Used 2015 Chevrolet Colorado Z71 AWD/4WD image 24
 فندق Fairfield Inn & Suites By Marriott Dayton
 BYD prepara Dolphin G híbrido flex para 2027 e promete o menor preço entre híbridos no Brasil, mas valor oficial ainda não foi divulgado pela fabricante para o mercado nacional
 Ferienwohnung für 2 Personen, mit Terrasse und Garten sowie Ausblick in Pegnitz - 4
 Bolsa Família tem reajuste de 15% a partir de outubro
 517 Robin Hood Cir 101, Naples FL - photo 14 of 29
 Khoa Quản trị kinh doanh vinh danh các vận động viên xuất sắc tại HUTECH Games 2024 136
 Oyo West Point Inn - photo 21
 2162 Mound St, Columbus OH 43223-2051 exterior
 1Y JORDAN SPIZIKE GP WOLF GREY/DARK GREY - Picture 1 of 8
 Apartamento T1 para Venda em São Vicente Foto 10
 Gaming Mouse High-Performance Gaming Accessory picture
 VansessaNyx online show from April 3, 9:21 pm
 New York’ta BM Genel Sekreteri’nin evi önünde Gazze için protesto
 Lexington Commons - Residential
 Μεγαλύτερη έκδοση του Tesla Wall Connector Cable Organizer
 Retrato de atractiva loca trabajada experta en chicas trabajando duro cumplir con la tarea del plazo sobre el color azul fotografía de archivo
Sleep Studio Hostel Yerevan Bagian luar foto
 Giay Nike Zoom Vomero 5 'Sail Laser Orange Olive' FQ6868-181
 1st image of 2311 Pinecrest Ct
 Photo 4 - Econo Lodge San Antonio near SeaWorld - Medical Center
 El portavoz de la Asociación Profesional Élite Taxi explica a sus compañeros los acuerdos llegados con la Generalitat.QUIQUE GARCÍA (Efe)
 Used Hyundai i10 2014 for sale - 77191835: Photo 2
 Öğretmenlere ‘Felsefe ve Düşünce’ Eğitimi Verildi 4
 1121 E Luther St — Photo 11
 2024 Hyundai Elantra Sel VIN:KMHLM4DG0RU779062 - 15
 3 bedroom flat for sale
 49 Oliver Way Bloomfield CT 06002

==============================

- [Task]: Take the line that contains "1st image of 2311 Pinecrest Ct" and every line after it in the material above. Set those lines down exactly and nothing more.

- [Response for this exercise]:
 1st image of 2311 Pinecrest Ct
 Photo 4 - Econo Lodge San Antonio near SeaWorld - Medical Center
 El portavoz de la Asociación Profesional Élite Taxi explica a sus compañeros los acuerdos llegados con la Generalitat.QUIQUE GARCÍA (Efe)
 Used Hyundai i10 2014 for sale - 77191835: Photo 2
 Öğretmenlere ‘Felsefe ve Düşünce’ Eğitimi Verildi 4
 1121 E Luther St — Photo 11
 2024 Hyundai Elantra Sel VIN:KMHLM4DG0RU779062 - 15
 3 bedroom flat for sale
 49 Oliver Way Bloomfield CT 06002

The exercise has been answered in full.